» How to complete this task:
The line containing "HP OmniBook 7 Aero displej" marks the end: write out exactly every line from the first line of the data below through that line, and only those.

» Supplied data:
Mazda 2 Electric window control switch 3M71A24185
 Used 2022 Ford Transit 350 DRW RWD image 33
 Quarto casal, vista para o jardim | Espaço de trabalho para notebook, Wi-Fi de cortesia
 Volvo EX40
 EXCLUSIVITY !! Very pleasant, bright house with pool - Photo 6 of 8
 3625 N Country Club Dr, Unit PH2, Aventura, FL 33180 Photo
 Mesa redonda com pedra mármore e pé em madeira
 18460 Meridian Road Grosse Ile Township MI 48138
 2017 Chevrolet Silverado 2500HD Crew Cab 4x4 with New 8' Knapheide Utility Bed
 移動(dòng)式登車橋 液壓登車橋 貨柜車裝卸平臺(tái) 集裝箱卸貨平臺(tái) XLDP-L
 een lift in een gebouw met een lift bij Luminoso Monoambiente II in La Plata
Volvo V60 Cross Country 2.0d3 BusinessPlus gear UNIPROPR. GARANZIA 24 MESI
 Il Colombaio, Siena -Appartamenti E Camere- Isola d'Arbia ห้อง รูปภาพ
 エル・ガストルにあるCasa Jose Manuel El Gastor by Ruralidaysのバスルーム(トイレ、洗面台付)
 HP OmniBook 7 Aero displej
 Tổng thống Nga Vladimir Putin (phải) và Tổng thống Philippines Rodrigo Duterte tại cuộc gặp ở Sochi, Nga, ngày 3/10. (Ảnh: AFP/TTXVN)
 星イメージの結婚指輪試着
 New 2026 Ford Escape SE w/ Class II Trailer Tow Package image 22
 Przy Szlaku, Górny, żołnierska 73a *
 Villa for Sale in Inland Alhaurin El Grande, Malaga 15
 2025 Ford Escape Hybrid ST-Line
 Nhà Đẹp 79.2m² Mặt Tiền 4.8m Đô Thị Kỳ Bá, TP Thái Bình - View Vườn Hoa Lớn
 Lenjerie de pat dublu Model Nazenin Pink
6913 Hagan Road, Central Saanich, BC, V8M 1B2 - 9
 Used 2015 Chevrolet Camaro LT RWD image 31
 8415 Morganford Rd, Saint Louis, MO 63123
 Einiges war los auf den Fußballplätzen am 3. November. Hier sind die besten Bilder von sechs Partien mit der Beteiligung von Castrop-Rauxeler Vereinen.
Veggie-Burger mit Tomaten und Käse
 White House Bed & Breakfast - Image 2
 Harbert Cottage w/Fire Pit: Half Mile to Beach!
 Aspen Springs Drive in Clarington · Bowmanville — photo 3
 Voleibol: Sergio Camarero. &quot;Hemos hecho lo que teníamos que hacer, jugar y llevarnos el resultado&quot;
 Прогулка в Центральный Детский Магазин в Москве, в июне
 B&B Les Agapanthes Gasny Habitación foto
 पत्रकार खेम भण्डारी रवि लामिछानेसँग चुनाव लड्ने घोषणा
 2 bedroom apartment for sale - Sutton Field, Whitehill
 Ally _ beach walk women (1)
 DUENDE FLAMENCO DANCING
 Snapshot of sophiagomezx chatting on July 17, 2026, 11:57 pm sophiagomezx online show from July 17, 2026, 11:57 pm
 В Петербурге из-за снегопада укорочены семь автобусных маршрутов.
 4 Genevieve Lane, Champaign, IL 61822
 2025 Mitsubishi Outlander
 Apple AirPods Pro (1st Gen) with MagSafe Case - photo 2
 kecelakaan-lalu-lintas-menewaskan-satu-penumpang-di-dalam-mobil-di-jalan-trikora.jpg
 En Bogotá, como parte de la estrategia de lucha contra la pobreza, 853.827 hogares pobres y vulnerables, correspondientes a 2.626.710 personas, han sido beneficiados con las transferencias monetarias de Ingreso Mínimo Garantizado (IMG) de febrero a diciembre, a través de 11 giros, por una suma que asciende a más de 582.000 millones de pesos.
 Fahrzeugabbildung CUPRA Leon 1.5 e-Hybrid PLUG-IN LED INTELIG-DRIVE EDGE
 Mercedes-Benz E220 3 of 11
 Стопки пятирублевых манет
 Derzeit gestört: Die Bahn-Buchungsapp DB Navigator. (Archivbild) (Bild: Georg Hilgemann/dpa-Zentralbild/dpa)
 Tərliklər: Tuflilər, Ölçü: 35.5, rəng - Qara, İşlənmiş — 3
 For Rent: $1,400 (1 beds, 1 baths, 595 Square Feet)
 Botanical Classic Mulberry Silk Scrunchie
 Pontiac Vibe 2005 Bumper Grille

» Task solution:
Mazda 2 Electric window control switch 3M71A24185
 Used 2022 Ford Transit 350 DRW RWD image 33
 Quarto casal, vista para o jardim | Espaço de trabalho para notebook, Wi-Fi de cortesia
 Volvo EX40
 EXCLUSIVITY !! Very pleasant, bright house with pool - Photo 6 of 8
 3625 N Country Club Dr, Unit PH2, Aventura, FL 33180 Photo
 Mesa redonda com pedra mármore e pé em madeira
 18460 Meridian Road Grosse Ile Township MI 48138
 2017 Chevrolet Silverado 2500HD Crew Cab 4x4 with New 8' Knapheide Utility Bed
 移動(dòng)式登車橋 液壓登車橋 貨柜車裝卸平臺(tái) 集裝箱卸貨平臺(tái) XLDP-L
 een lift in een gebouw met een lift bij Luminoso Monoambiente II in La Plata
Volvo V60 Cross Country 2.0d3 BusinessPlus gear UNIPROPR. GARANZIA 24 MESI
 Il Colombaio, Siena -Appartamenti E Camere- Isola d'Arbia ห้อง รูปภาพ
 エル・ガストルにあるCasa Jose Manuel El Gastor by Ruralidaysのバスルーム(トイレ、洗面台付)
 HP OmniBook 7 Aero displej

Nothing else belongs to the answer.